I confess that although I’ve been aware of the Tricki since before it went live (and abstractly like the idea), I’ve never actually read any of its articles. I like the idea, but for some reason I can’t put my finger on the Tricki hasn’t entered my day-to-day consciousness the way Mathematica, Wikipedia, Mathworld, and MO have.

September 25, 2010 at 11:28 pm |

My impression is that the tricki serves quite a different purpose compared to MO. It is possible that a post on a mathematical blog or rarely a specific answer on MO can be polished into a tricki post. Maybe as an intermediate stage towards writing a full tricki article one can link to such posts inside the tricki. Probably tricki’s post are supposed to be more definite and polished, so it is quite natural that progress in creating the tricky will be slow. Of course, a tricki article (as wikipedia articles) can be quite useful for MO participants.

Regarding the specific questions:

(i) whether it would be worth my while to put some more effort into the Tricki

Yes. If you (as others) would like to present a mathematical trick/method either on a blog or on the tricki (or in both places), then it is worth the time doing it. There is considerable chance that good posts on the tricki (and similar posts in mathemaical blogs) will be useful even if the tricki will not pass the critical point of comprehensive and comprehansable collection of tricks.

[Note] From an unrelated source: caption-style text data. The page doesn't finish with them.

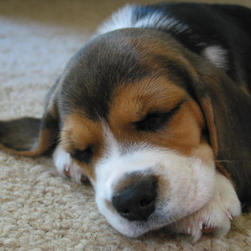 beagle pup1
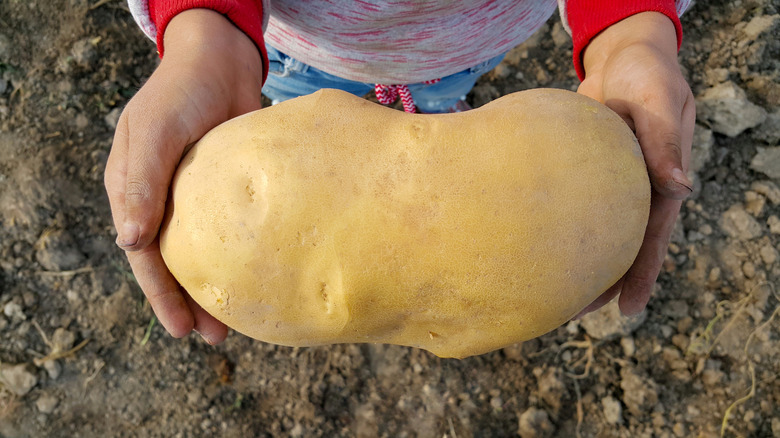 person holding large potato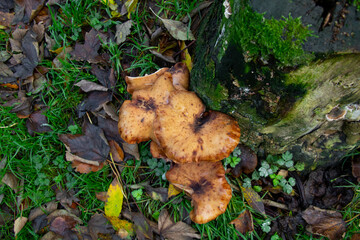 English tawny funnel cap mushrooms on the ground in the forest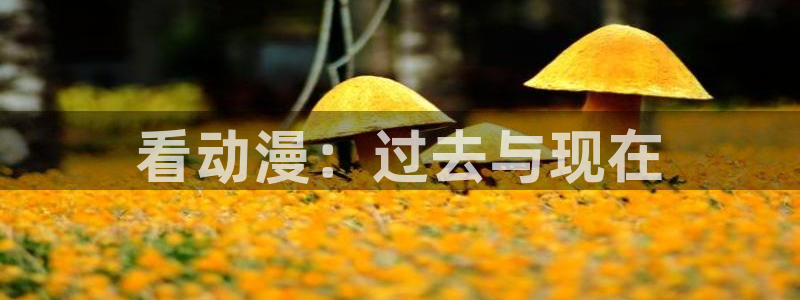 动漫天堂在线看：看动漫：过去与现在
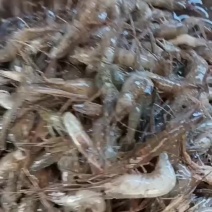 大河虾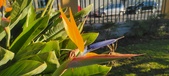 Enlarge photo 421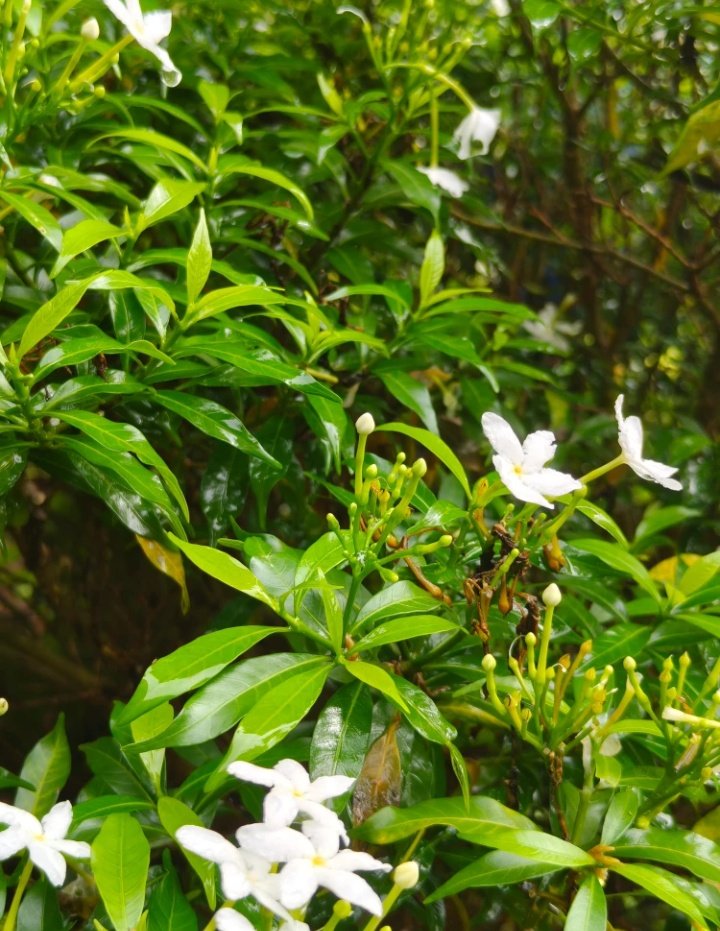 unstoppabble09's tweet image. 🍃💚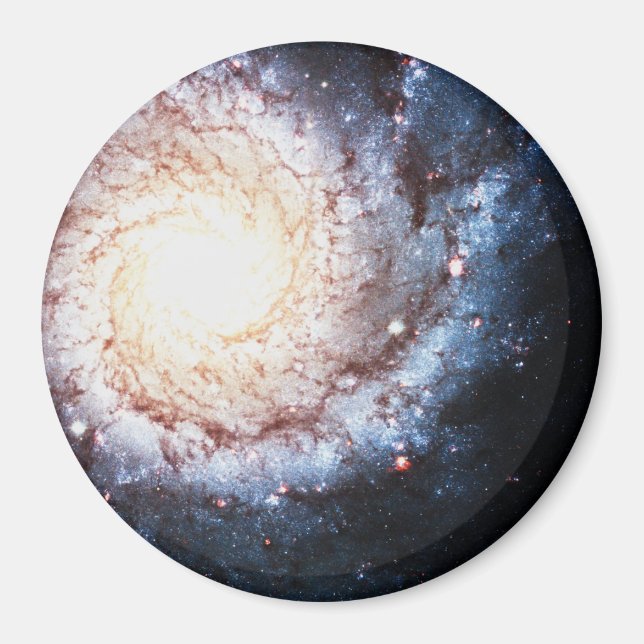 Colourful Cosmos Magnet (Front)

and (ii) whether there is any chance that if I did so then eventually it would continue to grow without substantial input from me.

I think it is unrealistic to believe that it is possible for one or few people to push the tricki beyond the critical point where it contains a large amount of “tricks/methods” in mathematics.

So I think a useful working assumption for (ii) is “no”.

Maybe, even without restricting the scope of the entire tricki, it will be useful to examine to what extend it covers a large amount of tricks in extremal combinatorics.

September 26, 2010 at 9:26 am

A related thought that occurred to me is this. Perhaps MO can

helpthe Tricki in the following way. One of the difficulties in writing a Tricki article is that it can be hard to think of examples. For example (!) I know that the trick of making something easier by generalizing it is frequently useful. But if I try to think of a good example my mind goes a bit blank, which is part of the reason I have not written such an article.However, the job has just got easier: if I post a big-list question on MO asking for good examples of this technique, I can be pretty sure of getting some excellent ones. Then I can base an article on people’s answers and include a link to the MO discussion (partly to credit people with their help, and partly because the discussion will be different and will therefore offer more than the Tricki article on its own). In fact, I think I’m actually going to do this, just to see how it goes.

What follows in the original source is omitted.